Warum Weber in seiner Dystopie über die “Generation Google-Copy-Paste” und die vier apokalyptischen Reiter Medien “E-Mail, WWW, Chat und Handy” seine Argumentation derart ins Unsachliche eskalieren lässt und sie damit für eine andere als ebenfalls polemische Weiterverwertung sterilisiert, ist für mich auch nach längerem Sinnieren nicht nachvollziehbar. Ein kritischer Diskurs, gerade hinsichtlich der unreflektierten Übernahme von Kundenkonzepten und Edutainment-Ansätzen in der wissenschaftlichen Ausbildung und auch im Bibliothekswesen scheint mir unbedingt notwendig. Die Zuspitzung “Vom Buch zum Bullshit oder: Wie sich Content in Exkrement verwandelte” verfehlt dagegen m.E. leider völlig das Anliegen.

Wenn ich mich das nächste Mal während einer “Informationsdiät” (ebd. S. 157) ganz “naturromantisch [...] auf die Wiese lege”, um ein Buch von vorne bis hinten langsam und mit kritischem Bewusstsein durch[zu]lesen”, dann wird es nach diesem Nachmittag im Humboldt-Innenhof wohl keines mehr von Stefan Weber sein.

2 Responses to “Der Verlust der Textkultur: Stefan Weber und das Copy-Pastiche.”


  1. Wie macht es die Welt nur, dass sie immer so passend eins und eins, in diesem Fall das Eingangszitat und diesen Beitrag Elkes, in der Zeit zusammenführt?

    Weltgeist nennt man das, dachte ich. Also Hegel zumindest. Und die Titanic freut sich, genauso wie du, gerne mal über dessen Schnippigkeiten (hier und hier, zum Beispiel).

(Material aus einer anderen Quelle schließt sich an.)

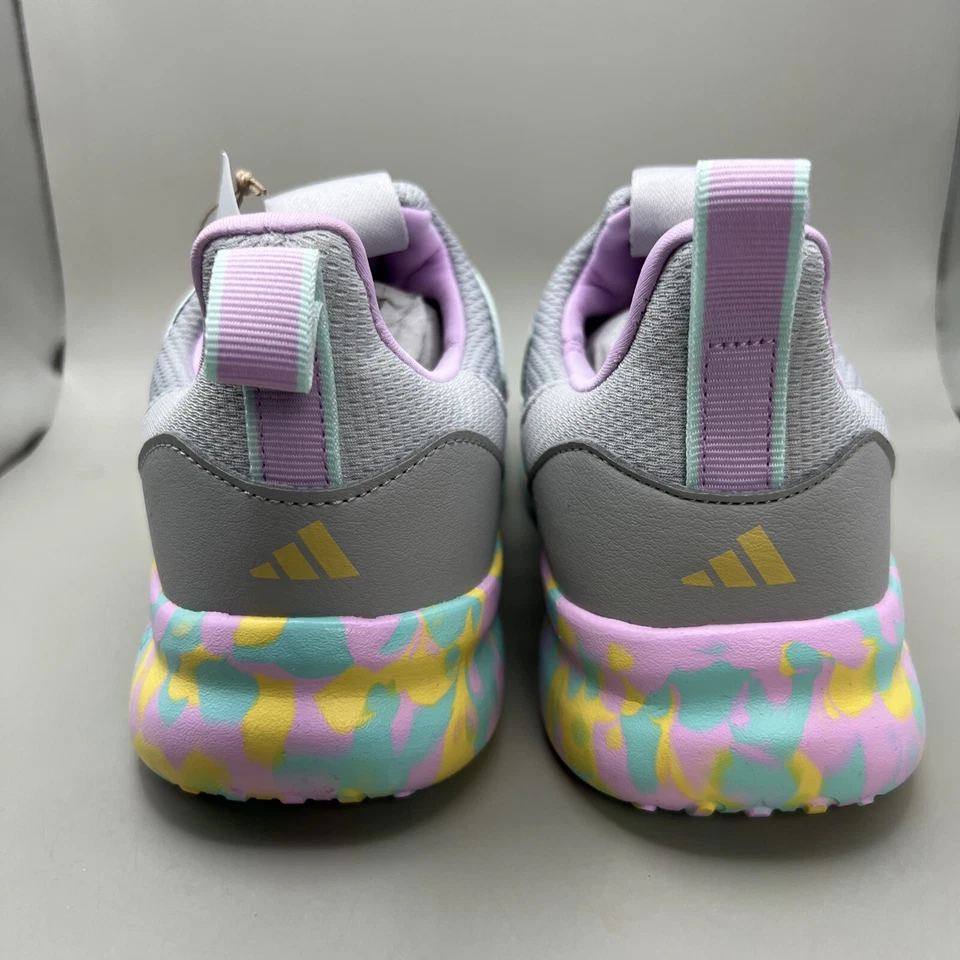 Adidas Unisex Niños Lite Racer Adapt 7.0 Zapatos para Correr Gris Tenis Juveniles 5Y 6.5 Foto 4 de 4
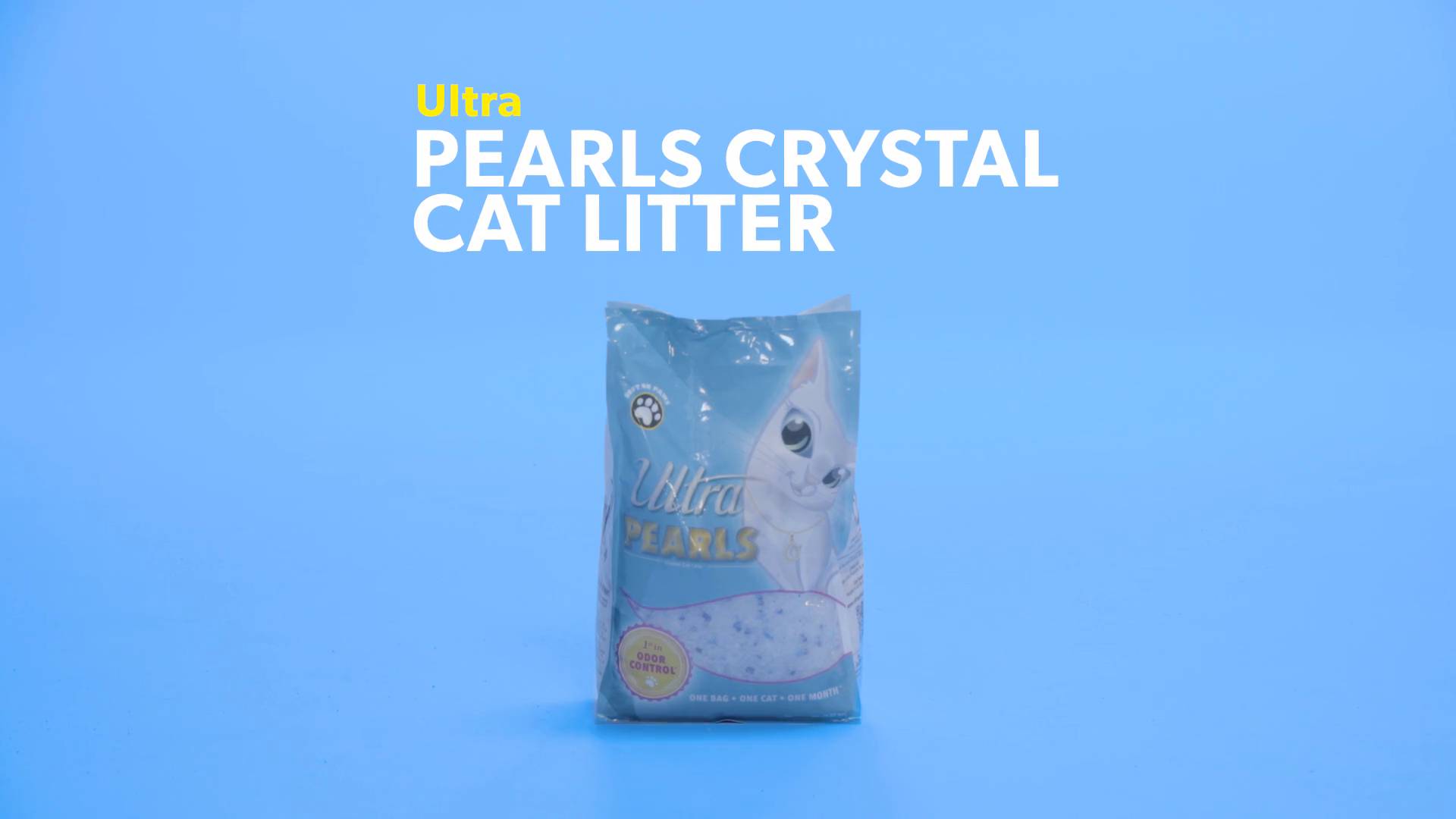 Ultra pearls outlet cat litter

    Aber zu Webers Polemik: ich denke, dass steht in einem Zusammenhang mit anderen Polemiken, die – warum auch immer – gesellschaftliche und wissenschaftliche Tendenzen (“Kundenparadigma”), die einem Unbehagen bereiten, relativ umstandslos mit “postmodernen” Wissenschaftsdisziplinen (cultural studies vorallem) und dem “postmodernen” Internet-Kulturen zusammen zu schmeissen und dass als Kritik präsentieren. Wobei letztlich als Ausweg fast immer nur auf alte Bilder der Wissenschaft oder Gesellschaft zurück verwiesen werden kann.
    Ed D’Angelo hat sowas für us-amerikanische Bibliotheken gemacht (Barbarians at the Gates of the Public Library).
    Das ist immer wieder ärgerlich, weil diese Texte letztlich so tun, als wäre es früher besser gewesen und jetzt nur schlechter. Als ob nicht auch heute das kritische Lesen Teil der “Internet-Kultur” wäre, als ob “Mini-Forschungen” nicht schon immer Teil der Wissenschaft gewesen, Kopieren und sich-die-Arbeit-einfach-machen nicht schon immer (im Rahmen der jeweiligen Möglichkeiten) Teil von Wissenschaft war und die “Kundenorientierung” nicht schon bei den reisenden Experimentatoren an den adligen Höfen des 18. und 19. Jahrhunderts hoch im Kurs gestanden hätte. Es steckt schon ein gewisses historisches Vergessen und Verklären der Vergangenheit hinter solchen Polemiken. Was oft gerade deshalb ärgerlich ist, weil die angesprochenen Tendenzen ja doch kritisiert werden müssten. Aber doch nicht so. Und vor allem: wozu? Damit ich mich auf die Wiese lege und ein Buch lese?

  2. 2Micha

    Ein Buch muss verkauft werden. Dazu benötigt man Aufmerksamkeit. Aufmerksamkeit gewinnt man durch Provokation. Das ist alles.